Tragically, the fire was still smoldering down in the depths of the garbage. It spread through an opening in the pit into the labyrinth of abandoned deep mines that underlay Centralia, the legacy of more than 100 years of unregulated coal mining. The strip mine had cut through old, abandoned deep mines, as many here do. A state landfill inspector, knowing all too well of the potential danger, had ordered borough council to close all holes in the pit, but they had left one open.

Unlike the Deepwater Horizon catastrophe, there is no corporate bad guy in the Centralia story. If anything, private mining companies tried to help, but were rebuffed by government bureaucrats at the state and federal level. Centralia was a failure of government at all levels.

Throughout the summer of 1962, Centralia Council appealed to the state and federal governments for help. Centralia's elected officials did nothing. In August, the state finally agreed to dig the mine fire out of the ground. But the project was underfunded, took several days off for the Labor Day weekend (the fire, of course, did not), and when the money ran out the fire was still there. This happened two more times in 1962 and 1963. Between 1965-70, the federal Bureau of Mines built an underground fly ash barrier--think of the booms encircling the oil spill--to block the fire from coming into Centralia. The barriers ultimately failed.

In late 1979, the fire and its deadly gases began moving under the populated part of Centralia and things got progressively worse. In 1983, the state and federal governments decided to relocate all Centralia residents at a cost of $42 million. Digging the fire out of the ground would have cost an estimated $660 million in 1983 and would have destroyed much of the town in the process.

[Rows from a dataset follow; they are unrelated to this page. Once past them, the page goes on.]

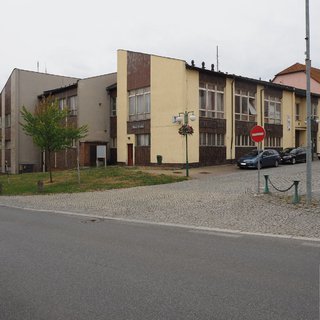 Prodej komerčního pozemku 995 m² Bor, náměstí Republiky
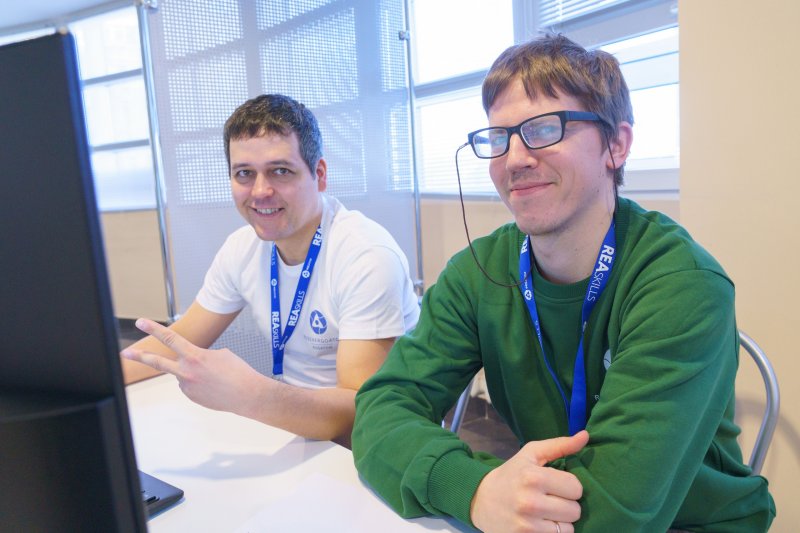 Работники Кольской АЭС участвуют в чемпионате профессионального мастерства 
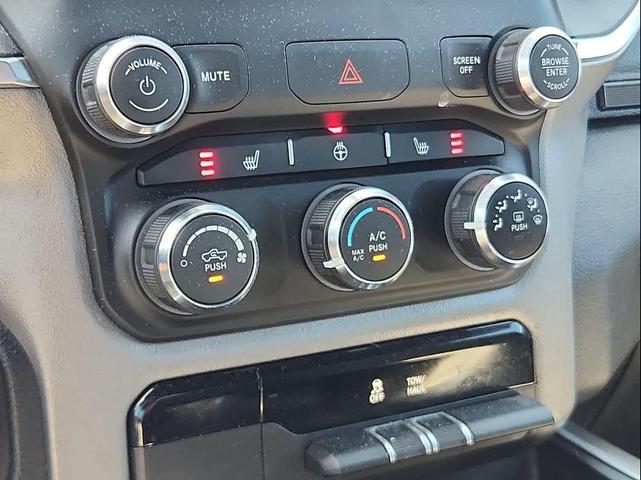 Photo of 2024 Delmonico Red Pearlcoat RAM 1500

What will be the fate of America's Gulf Coast and the Gulf of Mexico itself? BP, the owner of the spewing well, seems unable to stop the spill. There have even been semi-serious proposals to use nuclear weapons to seal the well. Russia supposedly has done this several times. Centralia still attracts earnest entrepreneurs who believe they have a way to extinguish the fire without digging. I heard from one just the other day who sounded promising. But I doubt the state of Pennsylvania will agree to spend the money. There are fewer than 10 people left in Centralia, and they will be gone soon. What is the point? Even though the fire has a clear path to Mount Carmel, several miles to the west, it might take 200 years for the fire to reach that far at its current rate of advancement. I'm sure the thought is, leave it for some bureaucrat in the 22nd century to worry about. We have more pressing problems.

Perhaps Memorial Day will come to have an environmental significance, when we think not just about wars between peoples and their cost, but wars against the environment and the equally lasting damage they do.

May 30, 2010

An education

The weather on this Memorial Day weekend seems almost too pleasant to think about June politics, but your intrepid blogger must charge ahead even though he would rather be relaxing.

We are heading into budget month, the annual spectacle of Democratic Gov. Ed Rendell matching wits, so to speak, with the Republican Senate on who will blink first on education funding. Wait-education funding? Isn't there an entire state budget to pass? Well, yes, but it really all comes down to education funding. Last year's 101-day budget impasse, education insiders will tell you, was nearly entirely about Rendell's desire to increase education funding by a substantial amount. He eventually got his way, but at the price of severe cuts to libraries and other parts of the state budget demanded by "no-tax" Republicans in the Senate (who actually did blink and agree to minor tax increases).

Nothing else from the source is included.